These stores sell small pieces of future. One Stop Cake Decorations contains the potential of celebrations yet to come, birthdays, successes and surprises, as the Wool Inn holds the potential of future jumpers. The neatly stacked balls of wool will be transformed into thick winter cardigans, or novice knitters’ first scarves.

cottage lane yellow lights

To walk through the NK Centre arcade, under the yellow grid pattern light fittings which stripe the arcade’s ceiling every few metres, is to pass the inscructable black shopfront of “Your Best Life C3 Church”, counsellors’ rooms, and Buddhist statues in the gift shop. The NK Centre is the arcade of hobbies and spiritual guidance.

Back out on High Street, across from the NK Centre, is an old sign just visible behind the protruding boards advertising Nepean Pizzas and Charcoals above the awning. Words are painted in the arches above the three windows:

                                    Pelmets. Blinds. Advice.

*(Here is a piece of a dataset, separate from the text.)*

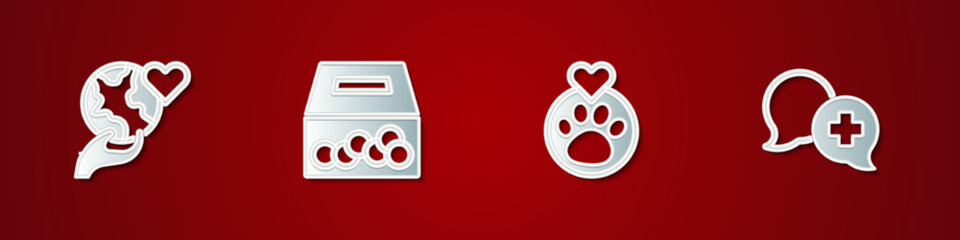 Set Hand holding Earth globe, Donation charity, Heart with animals footprint and Dialogue doctor icon. Vector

This is the sign of a long-gone store (a pelmet, for those who don’t know, and this included me until now, is the piece of fabric that goes along the top of the window to hide the curtain rail), I imagine this store as having the same kind of function as the psychic services in the arcades: their advice extending beyond curtains. Who better to offer advice than those expert in concealing and revealing what goes on inside buildings?

pelmets, blinds, advice

This part of High Street has the highest density of arcades. As I walk down the street I look for their entrances: some are more obvious than others. The High Street entrance of Elizabeth Arcade is an unassuming doorway with a few signs for the businesses to be found within. Every arcade’s entrance is also an exit, and each arcade has two faces, the face it turns to High Street and the face it turns to the carparks and laneways behind them. Even if people don’t shop in the arcades they use them as thoroughfares, and in the more dimly lit arcades the people at the opposite end look like advancing shadows.

elizabeth arcade 3

elizabeth arcade 2

Elizabeth Arcade is one of Penrith’s blue arcades. The High Street facade is painted pale blue and the carpark-facing side is royal blue, with round-edged signs that look like giant capsules with the names of businesses printed on them: Ye’s Shoes, Elizabeth Arcade Book Shop. Outside the bookstore people browse the cheap books on tables in the arcade, novels, guidebooks, pet owners’ manuals and gift books. Propped up among these is a copy of a book that every household must have owned in the 1970s, for there are so many of them secondhand: Dinkum Dunnies.

Broadwalk

High Street’s other blue arcades are Broadwalk, an open arcade on the other side of the street from Elizabeths, and the Calokerinos Arcade, its angular blue roofline the same colour as the sky. Calokerinos is now permanently closed, shutters down, awaiting redevelopment, even though of all the arcades it has the most stylish facade.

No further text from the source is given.